Daniel isn’t alone in his choice to fast. Esther fasts when she plans to speak boldly to the king. Jesus fasts before he begins his earthly ministry. Fasting is a practice that symbolically declares to God that we are utterly dependent on him and our spiritual nourishment is greater than our physical sustenance.
The practice of fasting has also been deployed throughout church history as a means to enrich believers’ relationships with Christ. Disciplines like fasting shape our hearts and help us focus on the God – even in the midst of extreme distractions.
For us today, fasting is a discipline that we may utilize in particular seasons or practice as part of a regular life rhythm. Fasting is most commonly associated with complete abstinence from food; however, it’s not the only way we fast. Daniel restricts his diet to show God’s glory is greater than the rich delicacies of the King of Babylon. Esther restricts her diet to only water. Jesus completely abstains from anything for forty days during his fast in the desert. Options also include fasting during the day and fasting during certain meals.

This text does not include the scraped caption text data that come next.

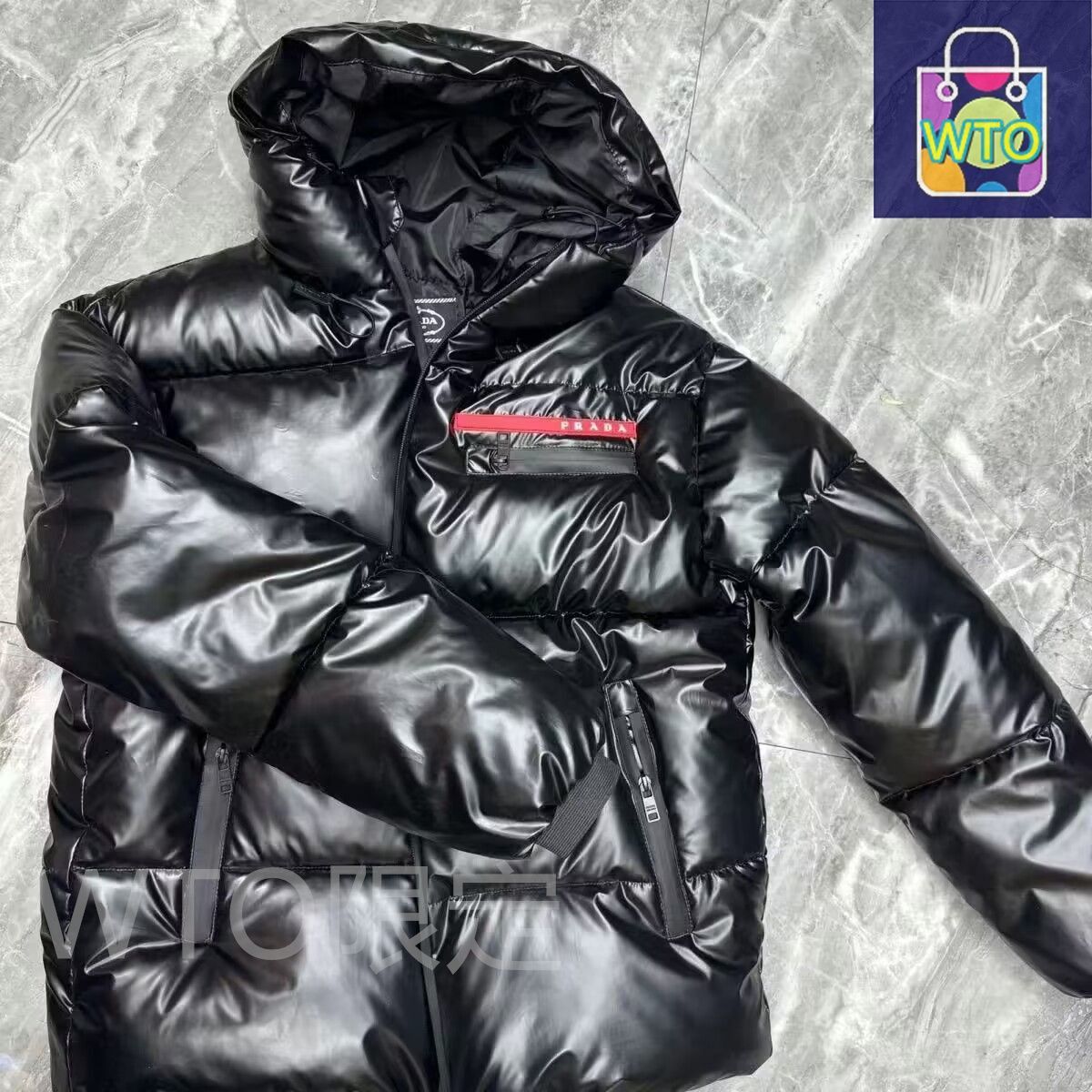 ♥️PRADA♥️ダウンジャケット<<⚠️⚠️期間限定お値下げ中⚠️⚠️>> PRADA プラダ メンズ ダウンジャケット｜本日限定特価｜新品未使用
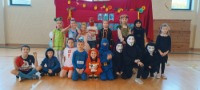 BAL KARNAWAŁOWY W SZKOLE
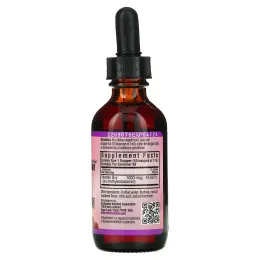 Bluebonnet Nutrition, Жидкий метилкобаламин, Витамин B12, Натуральный вкус малины, 1000 мкг, 2 жидких унции (59 мл)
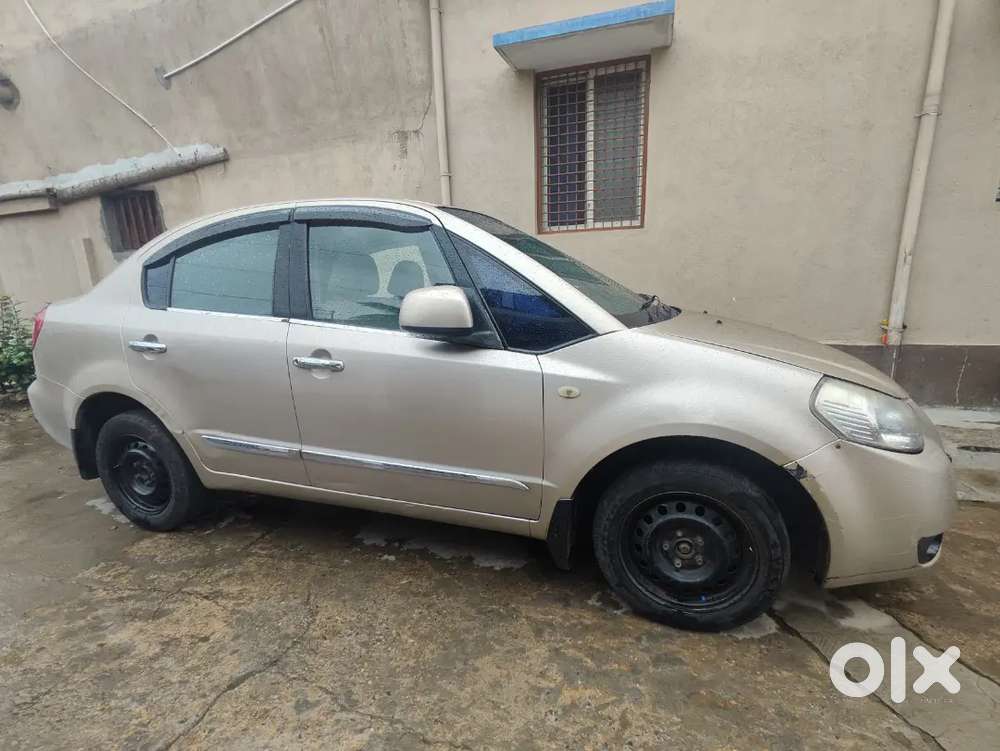 Maruti Suzuki Sx4 2008 Petrol 56000 Km Driven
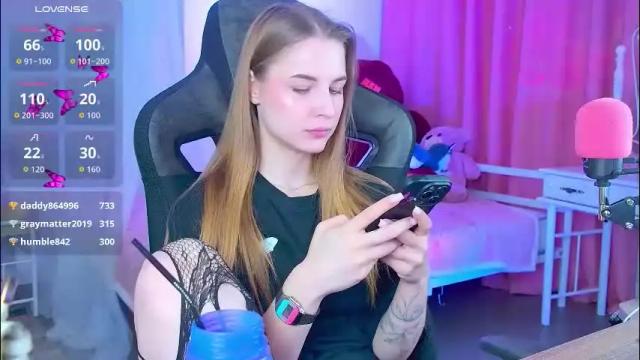 Thumbnail 1, cutemousee's Stream at Chaturbate, 1 month ago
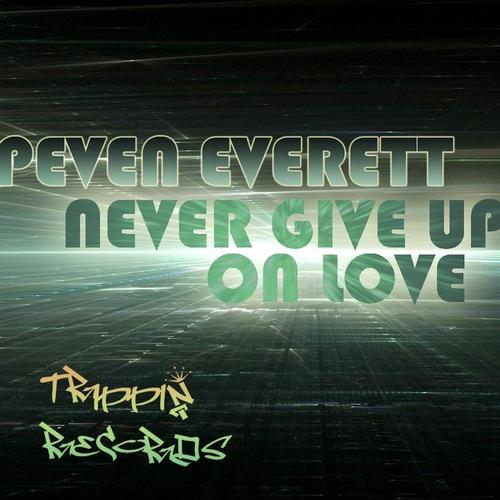 Never Give Up on Love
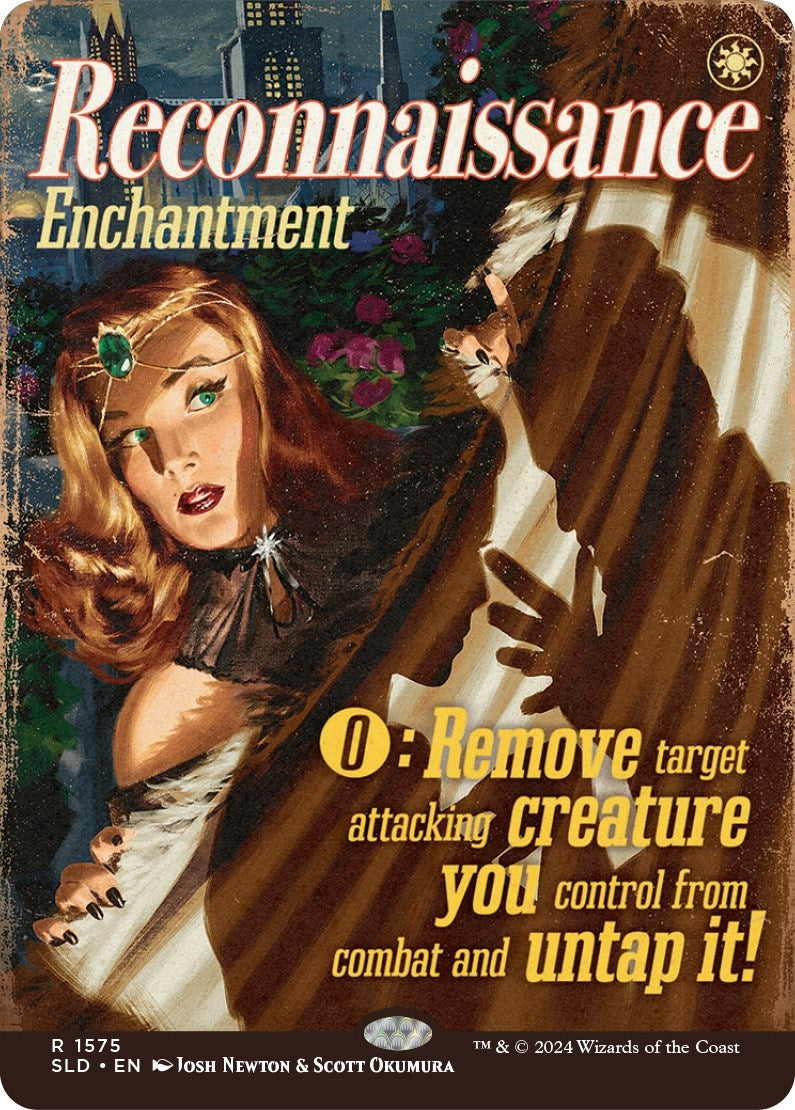 Reconnaissance (1575) [SLD] - MTG Single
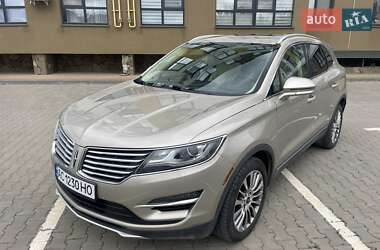 Внедорожник / Кроссовер Lincoln MKC 2014 в 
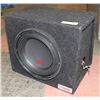 Image 1 : ALPINE "TYPER" - 10 INCH SUBWOOFER IN
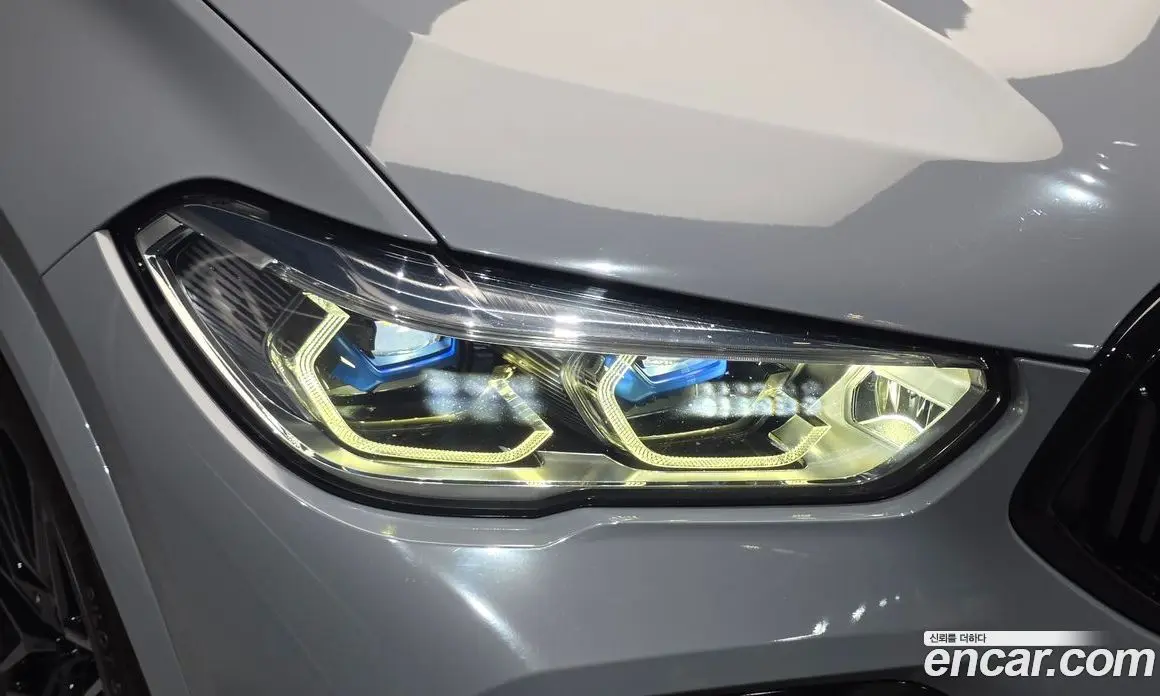 BMW X6M 2021 4.4 автомат (гидро), фото 8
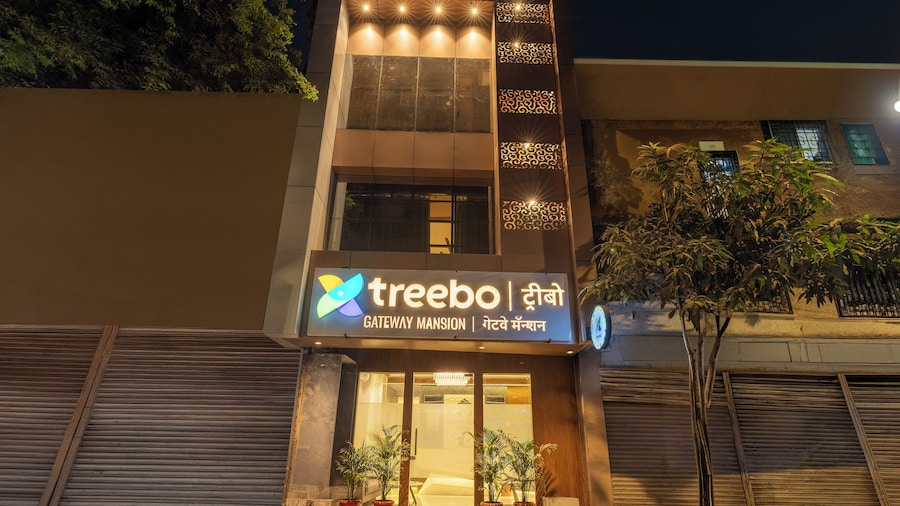 Treebo Gateway Mansion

Alternatively, you may abstain from certain types of food, like caffeine or sugar, for longer periods of time. Similarly, you might choose to fast from social media, television/streaming shows, or watching sports.
It’s important to note that fasting is not a practice to take lightly and there are some who should not practice it in regard to food. If you haven’t fasted before, you should start with restricting your diet for a short period time and build into fasting from more items. For example, skip your regular coffee for a few days and spend more time in prayer each morning. Eventually you might develop the ability to fast from a meal or two or even for an entire day. However, it takes time to develop this discipline wisely. Also, those suffering with eating disorders or other health concerns should consult a physician before practicing this discipline in regard to food.
Fasting is a helpful tool, but the goal of all of life is to glorify God. As you prayerfully consider fasting, point your eyes to Jesus and offer your worship to Him alone.